> **Required work**
Make an exact transcript of the lines in the data below, starting with the one containing "Satellitenschüssel auf einem" and going on through the one containing "a living room", with both included and the pictures left out.

> **Data listing**
┌──
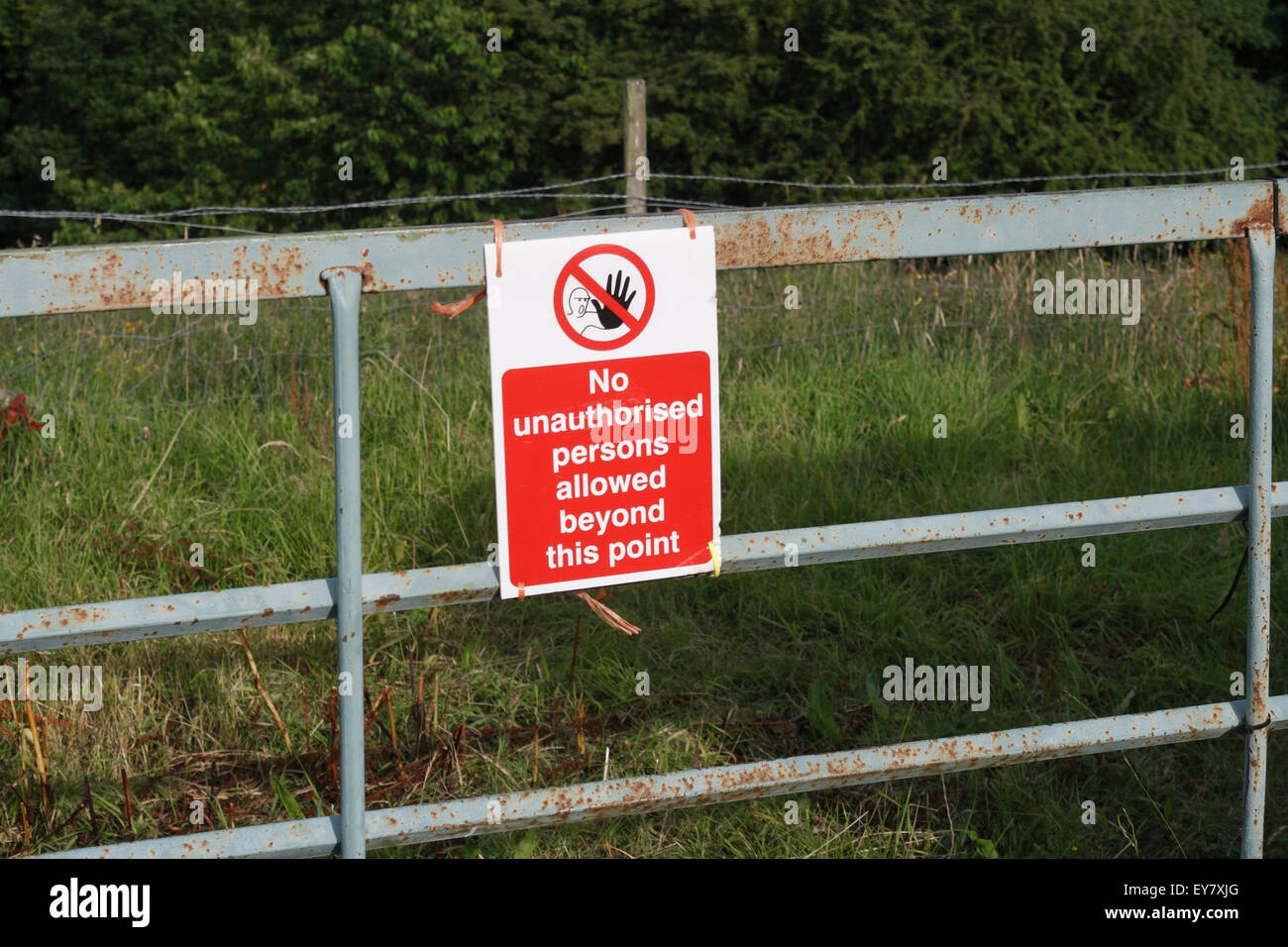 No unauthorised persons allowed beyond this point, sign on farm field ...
└──
┌──
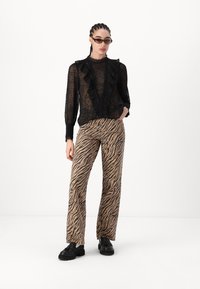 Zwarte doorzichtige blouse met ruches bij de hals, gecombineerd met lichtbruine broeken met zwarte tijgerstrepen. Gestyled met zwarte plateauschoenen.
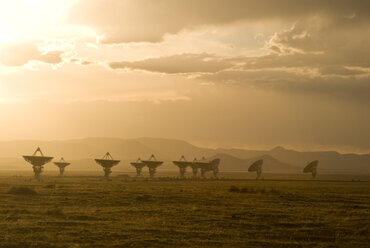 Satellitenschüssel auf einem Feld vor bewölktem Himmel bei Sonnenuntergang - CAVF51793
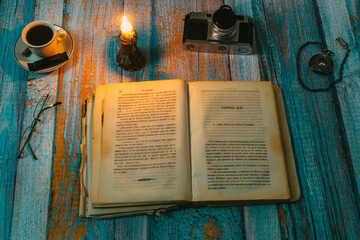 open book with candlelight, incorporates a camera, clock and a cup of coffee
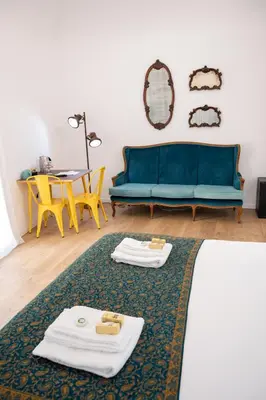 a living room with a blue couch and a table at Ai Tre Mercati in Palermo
└──
> **Solution to this problem**
 Satellitenschüssel auf einem Feld vor bewölktem Himmel bei Sonnenuntergang - CAVF51793
 open book with candlelight, incorporates a camera, clock and a cup of coffee
 a living room with a blue couch and a table at Ai Tre Mercati in Palermo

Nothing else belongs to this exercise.